Pasifik Holding Yönetim Kurulu Başkanı Fatih Erdoğan, tren uğurlama törenlerinin ardından yaptığı açıklamada, bu trenlerin sadece konteyner değil, aynı zamanda vizyon, güven, strateji ve ortak gelecek taşıdığını vurguladı. Erdoğan, Pasifik Eurasia olarak Çin ile Avrupa arasındaki lojistik akışın Türkiye merkezli olmasına liderlik ettiklerini ve Orta Koridor'un artık bir fikir olmaktan çıkıp gerçek bir koridora dönüştüğünü belirtti.

Uzun soluklu çalışmanın sonucu: Yılda 1.000 tren hedefi
Fatih Erdoğan, China Railway ile yapılan bu anlaşmanın uzun süren görüşmeler ve deneme taşımalarının başarılı sonuçlanması neticesinde gerçekleştiğini aktardı. Özellikle Türkiye'nin altyapısının Çinli muhataplara gösterilmesi ve geçtiğimiz mayıs ayında Ulaştırma Bakanlığı ile yapılan Çin ziyaretinin sürecin hızlanmasında etkili olduğunu ifade etti. Haziran ayı sonunda İstanbul'da düzenlenen Küresel Ulaştırma Koridorları Forumu’nda China Railway ile sözleşmelerin imzalanmasıyla süreç taçlandırıldı.
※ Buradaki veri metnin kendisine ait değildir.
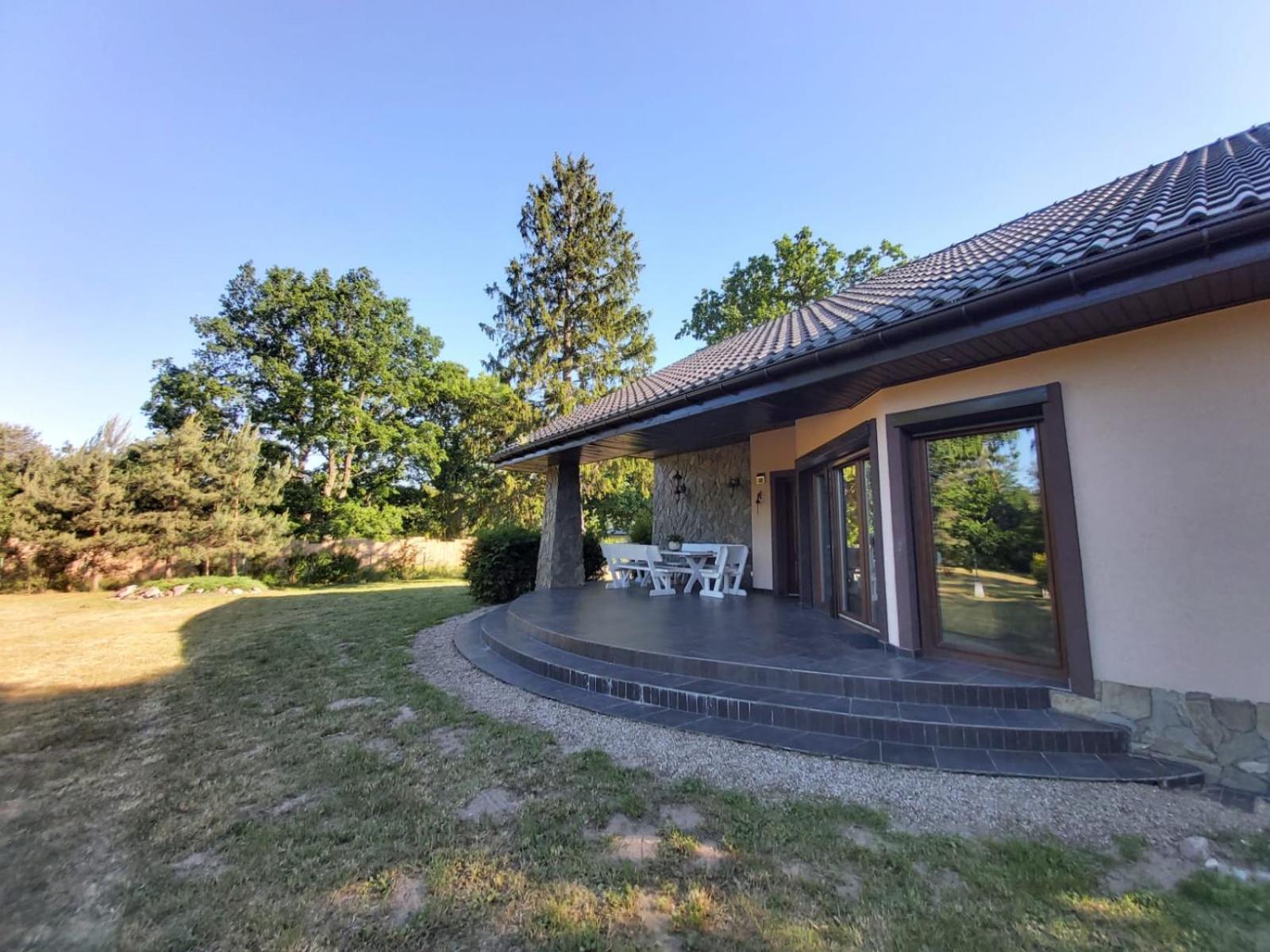 Domek pod Pobierowem view 4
Erdoğan, bu iki trenle başlayan yeni sürecin, yılda 1.000 tren hedefine ulaşmak adına atılmış ilk adım olduğunu belirtti. Bu başlangıcın, İstanbul'daki forumun da önemli bir çıktısı olduğunu ve Türkiye'nin uluslararası arenada yeni bir lojistik güç merkezi olma vizyonuna büyük katkılar sağlayacağını dile getirdi.
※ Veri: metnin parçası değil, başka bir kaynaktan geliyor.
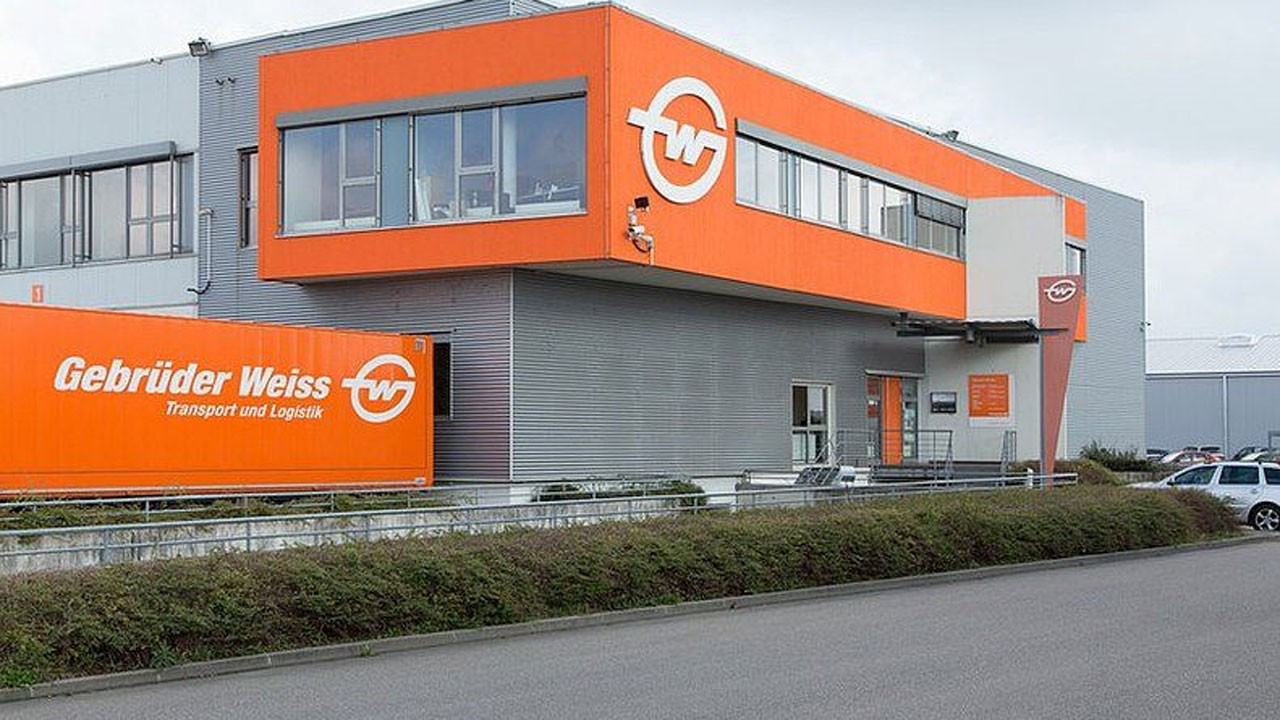 Gebrüder Weiss Türk şirketi 3S Lojistik'i satın aldı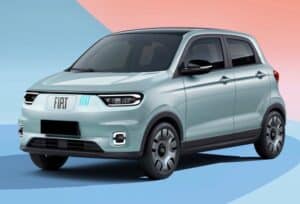 Bientôt une petite Fiat électrique tirée de l'alliance Stellantis - Leapmotor ?
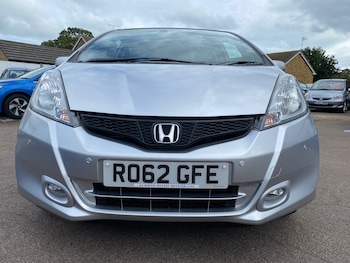 Used Honda Jazz 2012 for sale - 75505751: Photo
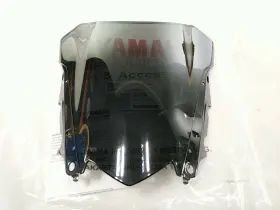 1wd-f61c0-b0 Yamaha Sport Windshield Screen Visor Kit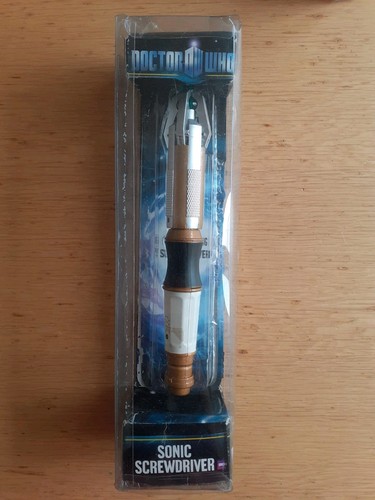 Doctor who sonic - who,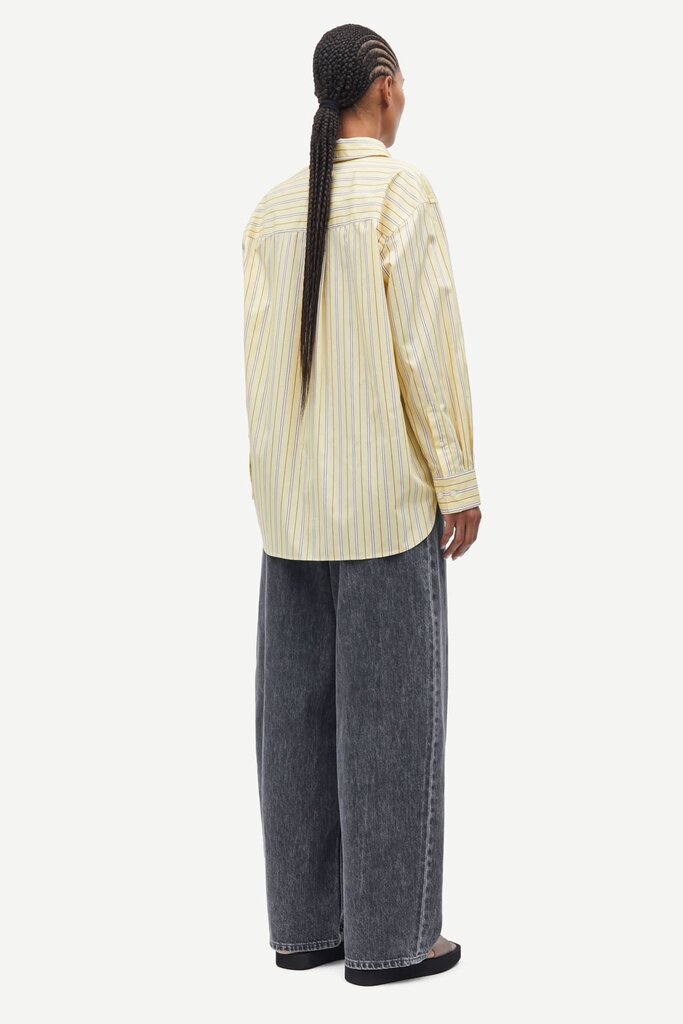 Samsoe Samsoe Samsoe Samsoe // Salova Shirt Dusty Yellow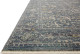 Jean Stoffer x Loloi Bradbury BRU-03 Ocean Gold Rug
Pasifik Holding bünyesindeki Pasifik Eurasia, bugüne kadar Çin ile Türkiye arasında birçok başarılı tren operasyonuna imza atmıştı. Chongqing ve Chengdu'dan kalkan bu ilk trenler ise, Çin'in iç bölgelerinden Türkiye'ye doğrudan uzanan demiryolu hatlarının kalıcı bir entegrasyon modeline dönüştüğünü gösteriyor. Bu hat, taşımacılıkta maliyet ve süre avantajı sağlarken, bölgesel entegrasyonu da güçlendirerek Orta Koridor'un jeoekonomik vizyonuna yön veriyor.